Virtually no one recognizes the names of the musicians collectively known as “The Wrecking Crew.” Oversimplifying, if the music-buying public saw these same few names credited on thousands of songs, it would have been too embarrassing.
This pool of studio musicians – the instrumentalists recording the music for popular distribution – worked with everybody. Many a famous band wasn’t so famous before The Wrecking Crew accomplished in 3 hours studio time what would take such bands 3 weeks to record. Many a famous singer became more famous because of the way The Wrecking Crew could turn a slate of songs into an album in one day.
Indeed, The Wrecking Crew invariably added licks or guided whole arrangements because their musical training and capability helped assure a developing thing called rock n roll. See the documentary “The Wrecking Crew” to be astounded by a huge sampling – just a sampling, mind you – of their range throughout the 1960s plus a good bit of the 50s and 70s. Not incidentally, they were the studio musicians for hundreds of movies, television shows, and commercials.
The film falls short in the way many historical sweeps do at the movies. It’s pretty much a nonstop cram with only glimpses at back stories and side stories or human arcs. No matter. The nonstop hit parade dabs together a familiarity into an eye-opening underpinning of an era.
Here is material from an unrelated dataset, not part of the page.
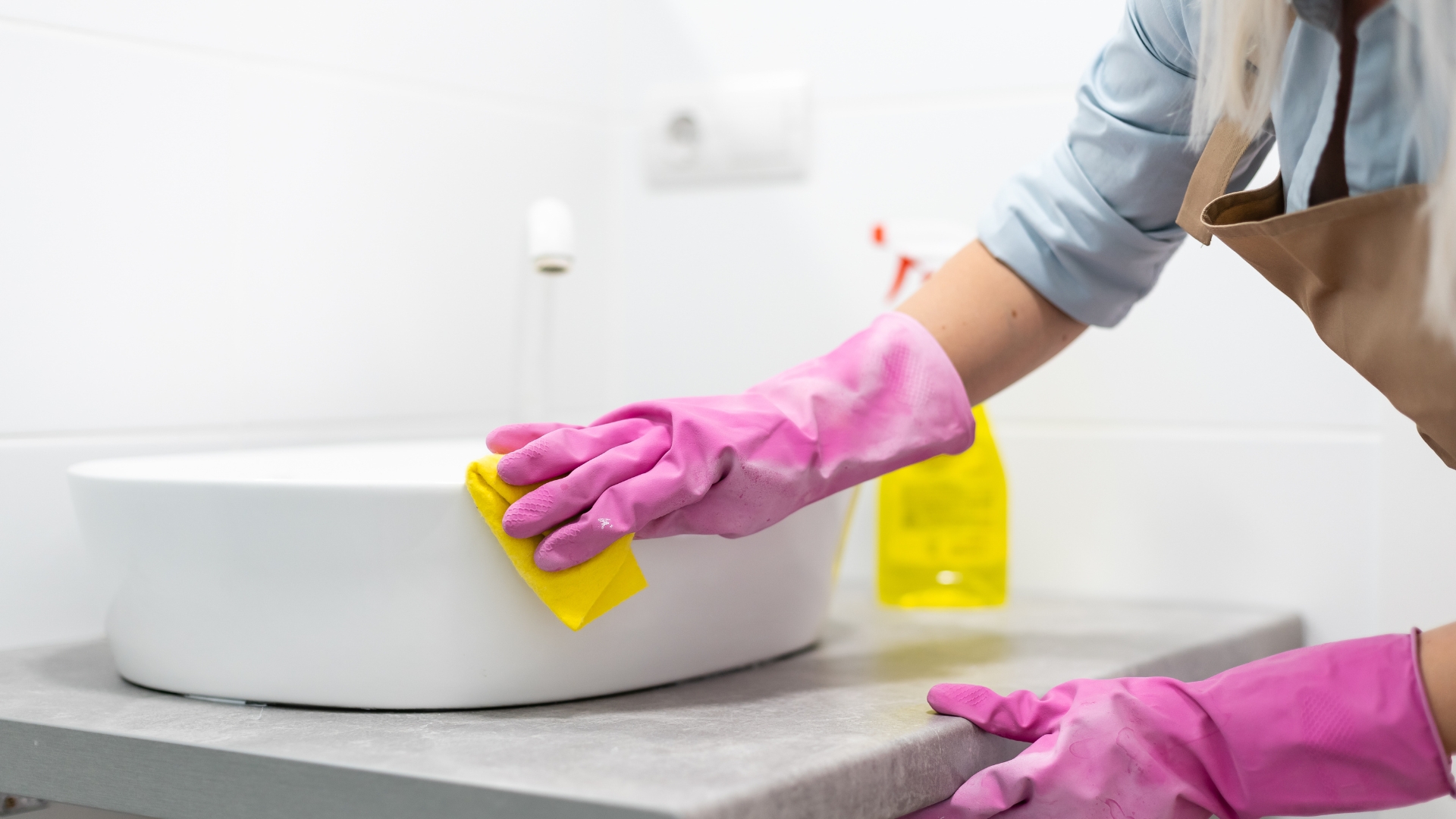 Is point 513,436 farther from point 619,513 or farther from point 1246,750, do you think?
point 1246,750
Although the film exposes how common it was back then for a band not to be the ones playing on the record, it also lets on that that was how to make the music machine better and bigger. It allows that such an era of injustice was more about what (arguably) led The Righteous Brothers to the most frequently played radio hit in history than it was about righteousness. It affords that the way these people made a durn good living meant “you never say no unless you’re too busy to saying yes.”
These guys (there was one women and she totally held her own), these guys worked all the time, as in they loved doing it. These guys – count them, 8 to 10, maybe 15 to 20 one way or another – these guys weren’t about the who’s who. They were about the getting in, getting out, getting it on – time after time after time.